6. Aqua, (The Park, New Delhi): Aqua, the lovely poolside space in the hotel comes alive in winters when it starts hosting Sunday brunches. This year, dim sum (18 types), nicely served in bamboo baskets, are on the menu—with champagne, soups and tea. For Rs 1,000 pp, definitely attractive.
7. Claridges (New Delhi): The charm of Lutyen’s Delhi is hard to miss and if you don’t quite have a garden of your own in this part of town, your best bet would perhaps be to sit out in the Claridges garden and feast on salads and grills, tempura, pan-seared foie gras, fondue, kebabs as well as Dilli ke paranthe, and biryani from the live counters. Moet flows around but children are luckily kept busy with tattoos, paintings, stories and games. My favourite brunch!
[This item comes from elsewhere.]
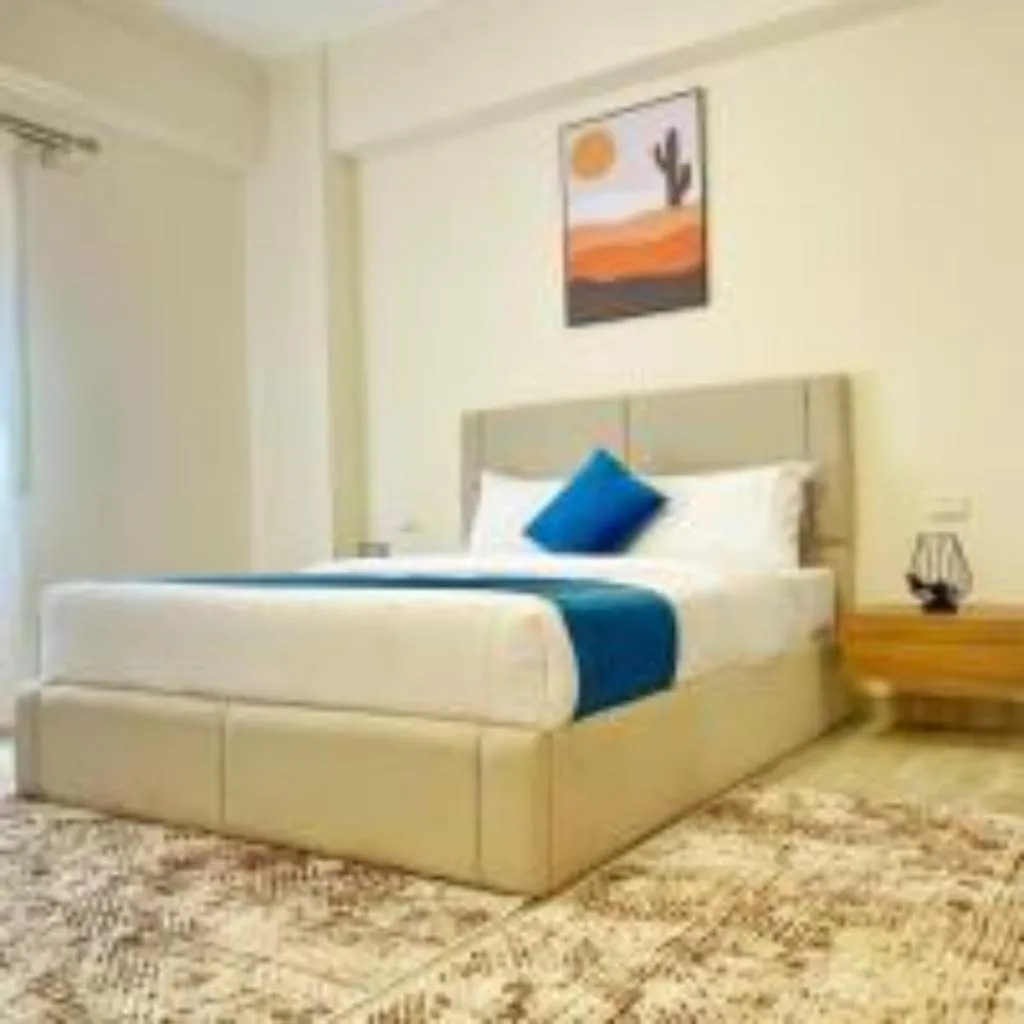 APARTMENT TWO BEDROOMS ONE BATHROOM Room, Settle Inn South 90 Apartments, Cairo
8. Lido (Ista, Bangalore):The al fresco Sunday brunch set next to the infinity pool is very popular with its BBQs and grills. Instead of a common buffet, food comes fresh and hot on the table (salad and desserts are on the counter though) from the kitchen and there is a flexible price option where kids, those looking to celebrate, vegetarians et al don’t have to pay a common brunch rate.
9. Fratelli Fresh (Renaissance, Mumbai): The sprawling hotel is known for its conventions space but has a resort like feel thanks to magnificent views of the Powai lake. It’s a patch of Udaipur in Mumbai! Ask the hotel staff and they will tell you stories about how they have arranged not just weddings but wedding proposals in the middle of the lake. But that’s another story. Tuck into the Italian brunch at Fratelli Fresh with a variety of cheese, seafood, fresh pasta, loads of Sangria and a glorious view.